For even the largest of finance teams, this is an issue that can take up huge swathes of the working week. It also relies on expert guidance in the form of well-remunerated staff, or expensive consultancy costs. To this end, cloud-based technology is the best direction to take. Once implemented, the software can manage the complex and time-consuming tasks of keeping up to date with legislation, ensuring that all payment information is formatted and shared in the time frame of whichever nation is requesting it, ensuring that business doesn’t grind to a halt due to mistakes, or that penalties aren’t accrued.

This is even more important during the current global Covid-19 pandemic. The bottom-line has never been as vital and fast, accurate invoicing and procurement are of paramount importance to maintaining some sort of stability. A secondary benefit is that automation via the cloud gives finance professionals pace and time to think more analytically and strategically, safe in the knowledge that those in IT are freeing up time via the implemented software.

Connecting the dots

With cloud powering the visibility and adherence to this critical government data, it’s important to look for several different hallmarks of a technology that will truly make a difference.

ERP systems, the bedrock of any business, are set to undergo a fundamental shift with the sunsetting of SAP’s current solution to make way for full adoption of S/4 Hana by 2025. In their current format, many ERP systems and their ancillary functions have been gradually built up over time, meaning that ensuring these all report accurately into governments is difficult to achieve.
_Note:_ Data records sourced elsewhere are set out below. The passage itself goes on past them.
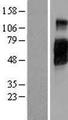 CD200R1 / CD200R Protein - Western validation with an anti-DDK antibody * L: Control HEK293 lysate R: Over-expression lysate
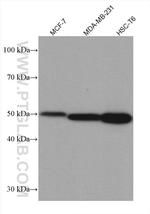 P53 Antibody in Western Blot (WB)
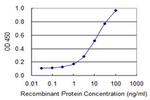 EGLN2 Antibody in ELISA (ELISA)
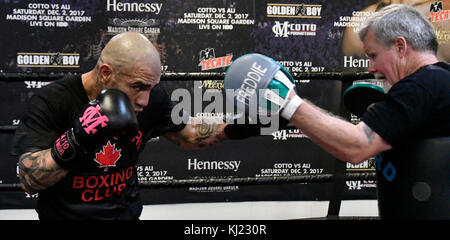 Lors de sa dernière séance d'entraînement SoCal Media Day, Miguel Cotto s'entraîne avec son entraîneur Freddie Roach au gymnase Wild Card lundi. 20 novembre 2017. Miguel Cotto affrontera Sadam Ali le 2 décembre au Madison Square Garden Arena et sera retransmis en direct sur HBO sous le titre Credit : Gene Blevins/ZUMA Wire/Alamy Live News Banque D'Images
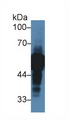 AHSG / Fetuin A Antibody - Western Blot; Sample: Human Lung lysate; Primary Ab: 2µg/ml Rabbit Anti-Human aHSG Antibody Second Ab: 0.2µg/mL HRP-Linked Caprine Anti-Rabbit IgG Polyclonal Antibody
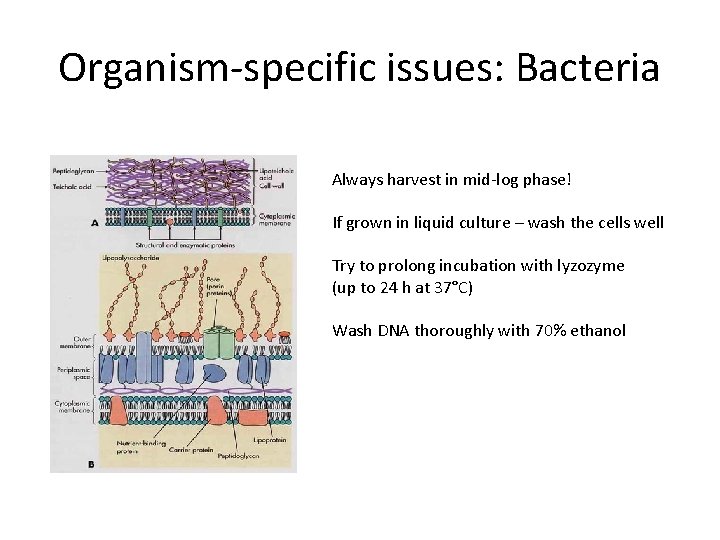 Organism-specific issues: Bacteria Always harvest in mid-log phase! If grown in liquid culture –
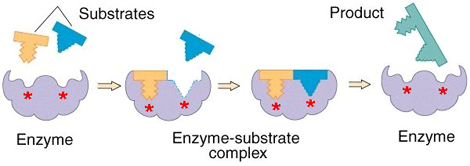 How an enzyme works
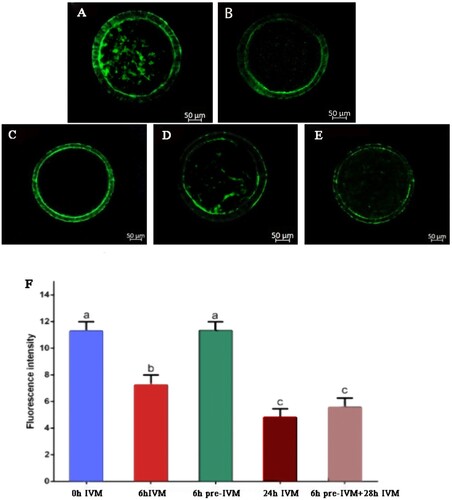 Figure 1. Effect of C-type natriuretic peptide treatment on transzonal projection population of yak oocyte. Phalloidin-FITC average fluorescence intensity in the zona area of COCs: (A) after recovery (0 h IVM), (B) 6 h of conventional IVM (6 h IVM), (C) 6 h pre-IVM with 100 nM CNP (6 h pre-IVM), (D) 24 h conventional IVM (24 h IVM), and (E) 6 h pre-IVM with 100 nM CNP followed by 28 h IVM (6 h pre-IVM + 28 h IVM). (F) Average pixel intensity in the region between the oocyte and cumulus cells was quantified with Image J. At least 10 COCs per group were assessed in four replicates. Each bar represents mean ± standard error and analysed with one-way ANOVA followed by Tukey’s multiple-comparison test. Values with different superscripts (a, b, and c) are significantly different (P < .05).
So SaaS, cloud-based technology should be sought out, with its flexibility ensuring a seamless transition as these ERPs are upgraded upon, without the system breaking down. Dynamic and continuous input is a crucial function for B2G transactions, and cloud ensures this is a given, allowing for navigation of complex regulations.
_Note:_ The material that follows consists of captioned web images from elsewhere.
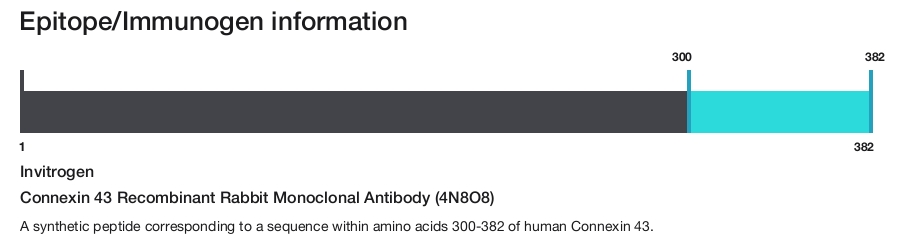 Connexin 43 Recombinant Rabbit Monoclonal Antibody (4N8O8)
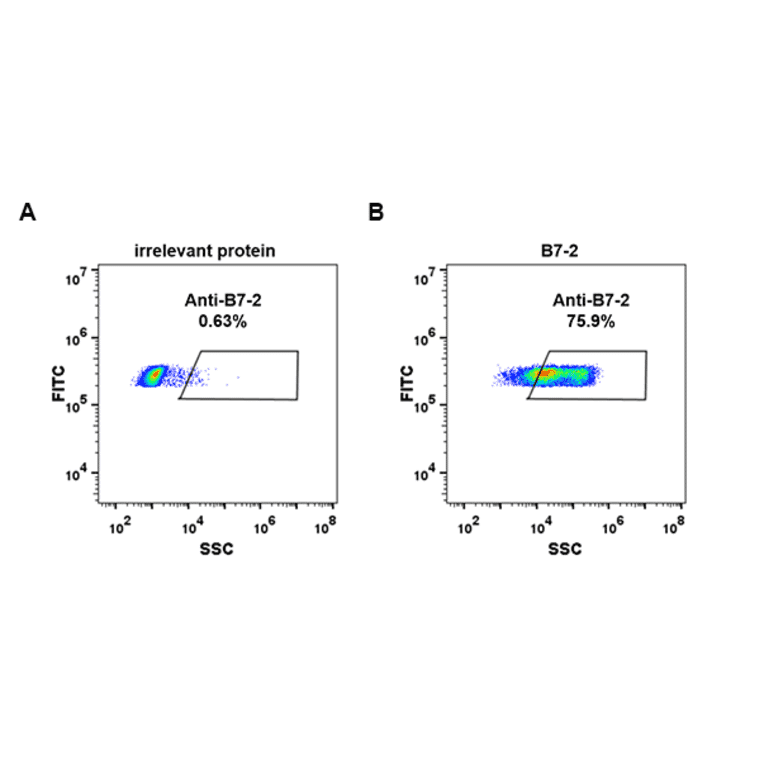 Flow Cytometry - Anti-CD86 Antibody [DM85] - Azide free (A318622) - Antibodies.com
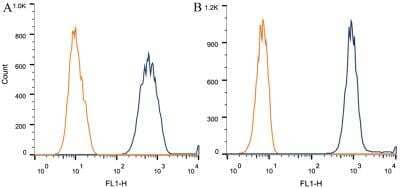 Flow Cytometry: alpha Tubulin Antibody (DM1A) - BSA Free [NB100-690]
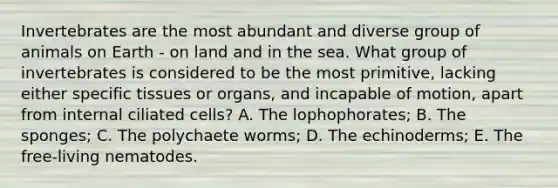 Invertebrates are the most abundant and diverse group of animals on Earth - on land and in the sea. What group of invertebrates is considered to be the most primitive, lacking either specific tissues or organs, and incapable of motion, apart from internal ciliated cells? A. The lophophorates; B. The sponges; C. The polychaete worms; D. The echinoderms; E. The free-living nematodes.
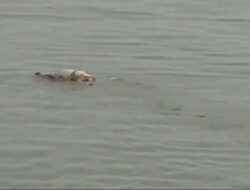 Viral ! Buaya Antar Jasad Balita yang Tewas yang Tenggelam di Sungai Kutai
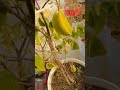 2nd Harvest #starfruit #garderning #terracegarden #fruit #rooftop #viral #trending #ytshorts #nature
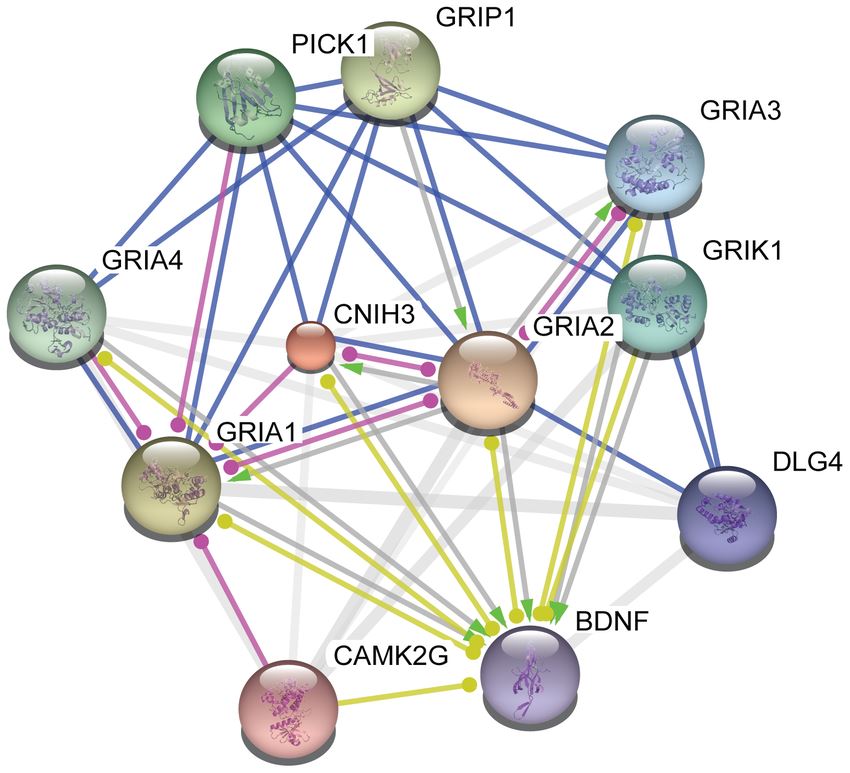 Protein network of human CNIH3.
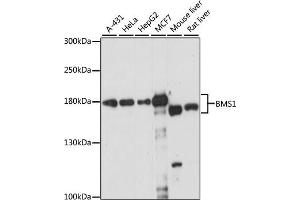 Western blot analysis of extracts of various cell lines, using BMS1 antibody (ABIN7265889) at 1:1000 dilution.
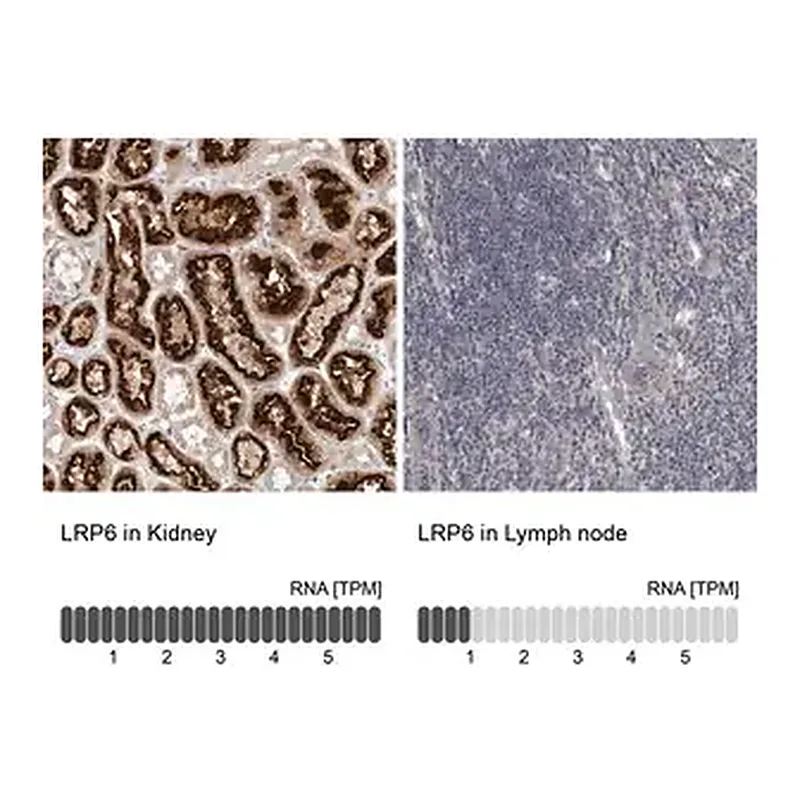 Merck Anti-LRP6 antibody produced in rabbit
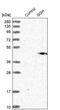 Gamma-Glutamyl Hydrolase antibody, PA5-55230, Invitrogen Antibodies, Western Blot image 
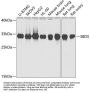 SBDS Antibody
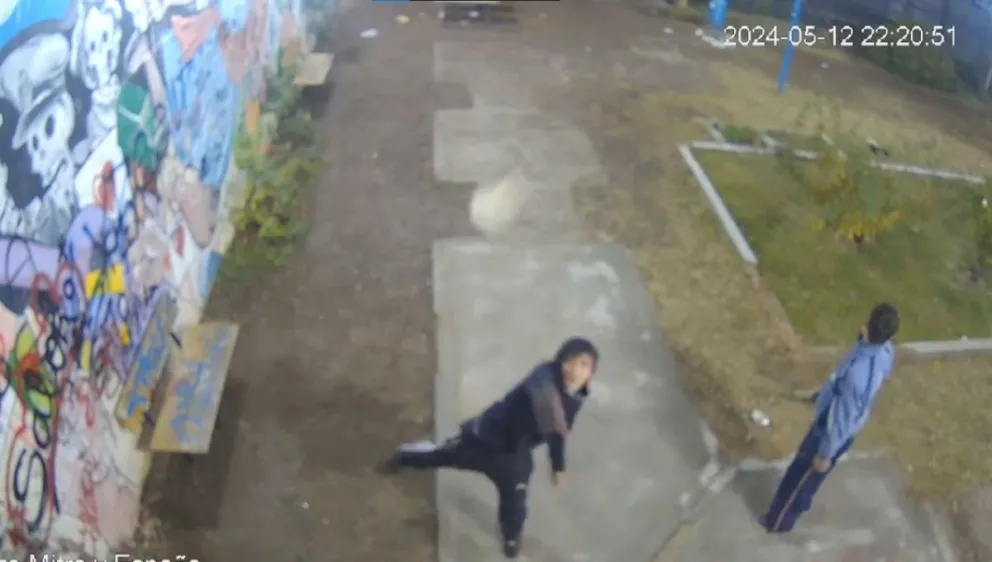 VIDEO: Rompieron una cámara a piedrazos y el Municipio difundió las imágenes a pesar de ser menores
API functionality should also be explored. As previously mentioned, a standard business may use differing ERP, payroll, expense and archiving functions from different providers. While this works to the current standards of periodic reporting, there is a far more pressing need to un-silo this data with a move to real-time or smaller time-frame reporting and invoicing. Taxation software hosted in the cloud needs to be installed which can connect into these different systems, ensuring that they can communicate, the data can be shared, and accurate archives and reports filed without any inaccuracies. Security must also be of paramount importance with any aspect of finance, with encryption, two-factor authentication and other safeguards a must for any technology being brought onboard.

Finance for now and the future

The cloud brings numerous benefits to finance at this current point in time, but certainly is an important and somewhat daunting undertaking for many organisations. So, if director-level buy-in is proving tough, there must be a consideration for the future too to discuss.

The move to digital, real-time reporting on transactions is not going anywhere anytime soon. The pace of change is only speeding up, and with it, the time periods for remaining compliant with tax offices ever shortening. It may well be that a business can operate in its current setup successfully at this moment in time, but those in IT and finance departments need to be future proofing their organisations too.

Advanced, expert cloud and SaaS technology represents the only logical way to do just this, ensuring businesses can continue to operate globally in the easiest and most cost-effective way possible, as well as preparing themselves for legislation which is continuing to barrel towards an entirely digitised, real-time future.